Exercise objective —
Retrieve each line that contains the word "Kors" from the entries below.

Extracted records
::::

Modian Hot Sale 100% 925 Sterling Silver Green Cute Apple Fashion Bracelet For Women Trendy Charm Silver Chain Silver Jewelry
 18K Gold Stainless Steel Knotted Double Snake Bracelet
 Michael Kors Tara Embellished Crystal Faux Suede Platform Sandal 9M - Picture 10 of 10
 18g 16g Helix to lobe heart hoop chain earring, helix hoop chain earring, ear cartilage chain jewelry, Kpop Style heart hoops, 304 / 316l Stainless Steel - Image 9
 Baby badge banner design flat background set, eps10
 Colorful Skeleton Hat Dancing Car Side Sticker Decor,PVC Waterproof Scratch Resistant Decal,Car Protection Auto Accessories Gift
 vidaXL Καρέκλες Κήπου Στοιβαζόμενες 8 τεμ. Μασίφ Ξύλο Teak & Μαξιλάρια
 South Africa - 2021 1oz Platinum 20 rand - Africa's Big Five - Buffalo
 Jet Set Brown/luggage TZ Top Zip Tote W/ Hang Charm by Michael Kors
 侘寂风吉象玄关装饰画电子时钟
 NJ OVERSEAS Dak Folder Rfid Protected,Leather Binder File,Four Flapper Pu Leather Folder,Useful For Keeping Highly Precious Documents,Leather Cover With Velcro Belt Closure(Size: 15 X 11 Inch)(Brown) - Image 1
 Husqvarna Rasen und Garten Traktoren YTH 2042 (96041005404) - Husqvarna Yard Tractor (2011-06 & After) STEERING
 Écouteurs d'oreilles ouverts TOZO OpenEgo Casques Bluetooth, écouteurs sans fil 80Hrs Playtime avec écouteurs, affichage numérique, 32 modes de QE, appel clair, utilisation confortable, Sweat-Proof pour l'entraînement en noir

::::

Exercise answer —
 Michael Kors Tara Embellished Crystal Faux Suede Platform Sandal 9M - Picture 10 of 10
 Jet Set Brown/luggage TZ Top Zip Tote W/ Hang Charm by Michael Kors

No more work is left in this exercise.